Tiny local spark SQL environment, just making a test table:

spark3-sql --packages org.apache.iceberg:iceberg-spark-runtime-3.1_2.12:1.0.0 \
    --conf spark.sql.extensions=org.apache.iceberg.spark.extensions.IcebergSparkSessionExtensions \
    --conf spark.sql.catalog.spark_catalog=org.apache.iceberg.spark.SparkSessionCatalog \
    --conf spark.sql.catalog.spark_catalog.type=hive

Simple table with schema (string_key, string_value), fed by a stream of events, with random keys ranging from 1 to 100. Partition by the first character of the key, so that we'll have roughly 10 partitions and lots of opportunities for collisions as time goes on.
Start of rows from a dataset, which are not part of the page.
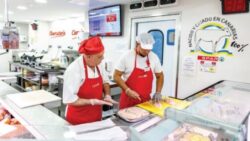 Two men working in a butchery; copyright: SPAR Spain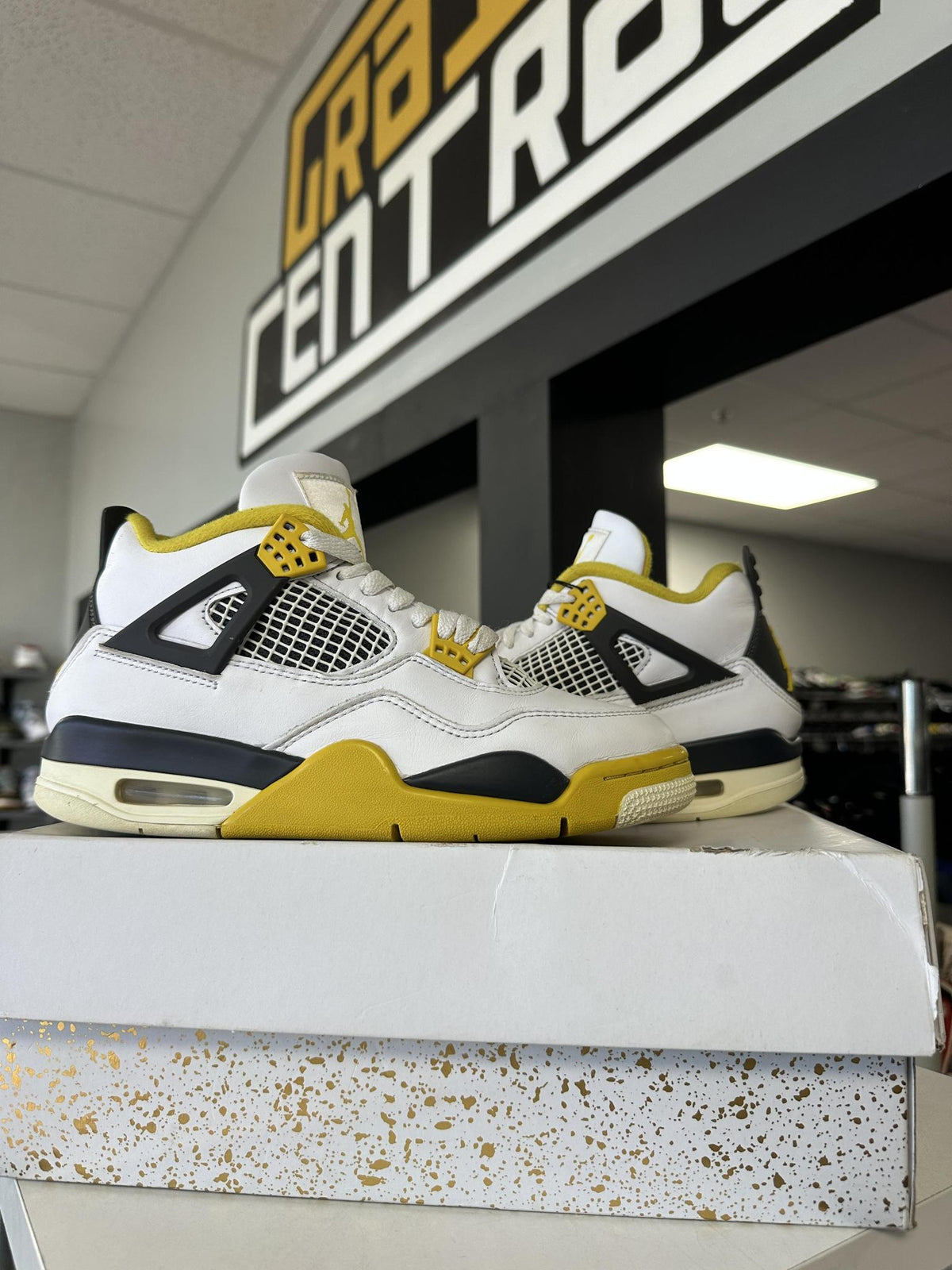 Jordan 4 "Vivid Sulfur" Size 5.5Y/7W Used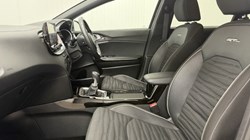 2025 (25) KIA CEED 1.5T GDi ISG 138 GT-Line 5dr 5481052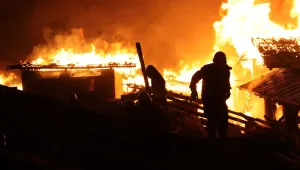 19 загинали при пожар в село до Пекин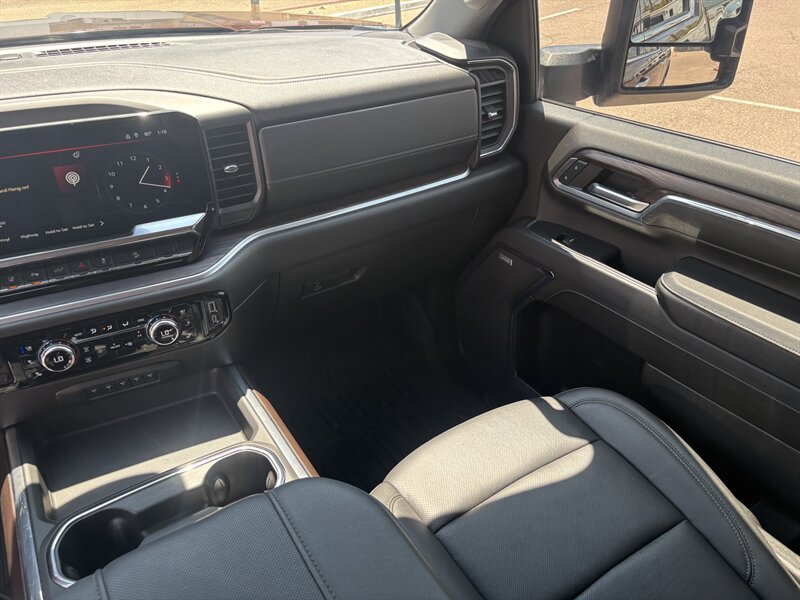 2024 GMC Sierra 2500 SLT DIESEL TRUCK 4WD REDWOOD METAL GMC SIERRA 2500 - Photo 32 - Scottsdale, AZ 85257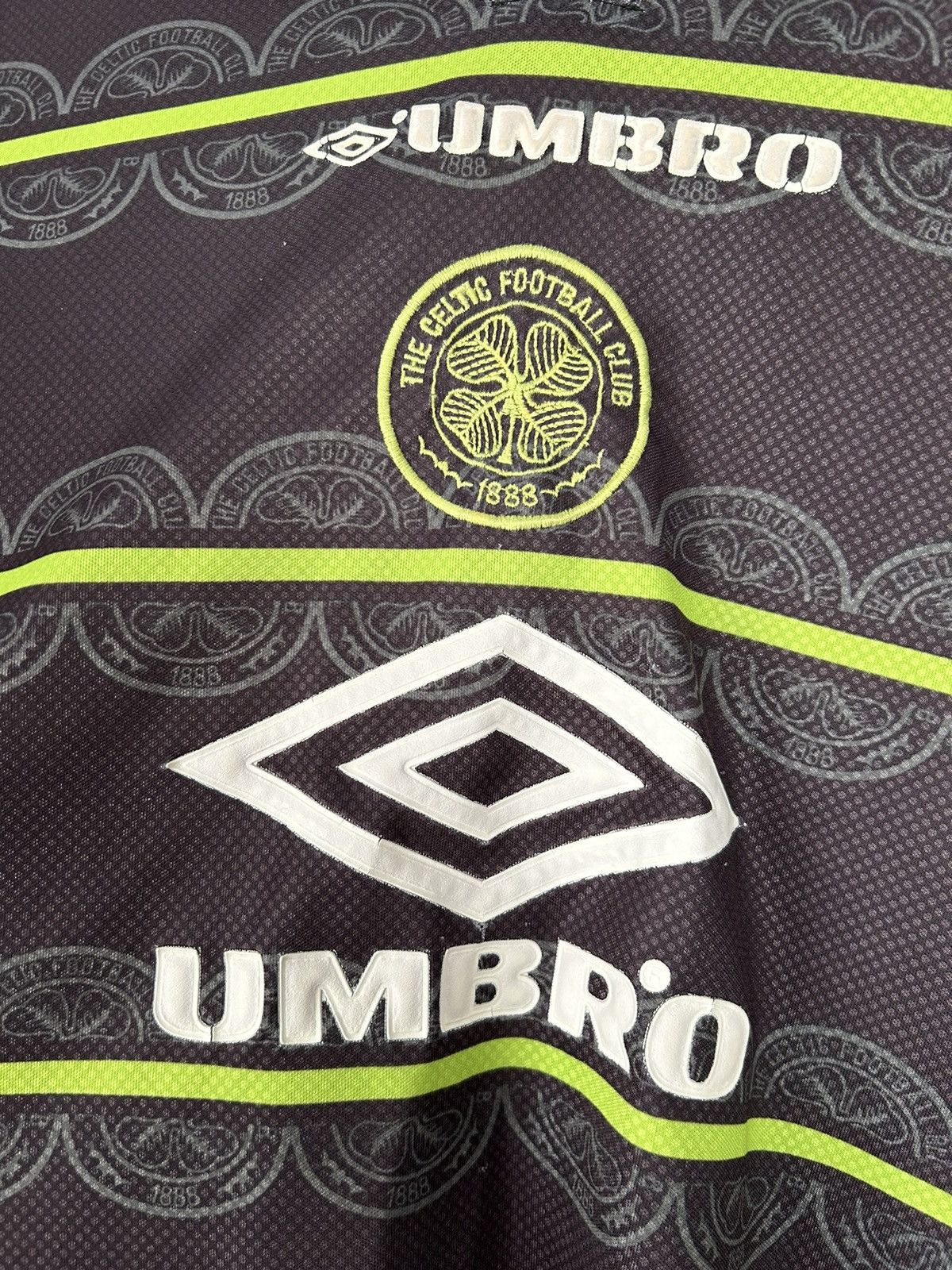 Umbro Vintage Celtic Glasgow 90s Soccer Jersey Football Rare Hype Size US L / EU 52-54 / 3 - 3 Thumbnail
 create table milimetric.iceberg_test_update (
            string_key string not null,
            string_value string
        )
  using iceberg
 partitioned by (
    truncate(1, string_key)
 )
 tblproperties (
     'format-version'='2',
     'write.format.default'='parquet',
     'write.parquet.row-group-size-bytes'='268435456',
     'write.parquet.page-size-bytes'='2097152',
     'write.metadata.previous-versions-max'='10',
     'write.metadata.delete-after-commit.enabled'='true',
     'write.delete.mode'='copy-on-write',
     'write.update.mode'='merge-on-read',
     'write.merge.mode'='merge-on-read'
 );
 insert into milimetric.iceberg_test_update
 select '14' as string_key,
        'first value' as string_value
;
 insert into milimetric.iceberg_test_update
 select '14' as string_key,
        'second value' as string_value
;

Then feed data into it in different ways and see what happens.

The simplest way is according to docs, by using append mode of structured streaming.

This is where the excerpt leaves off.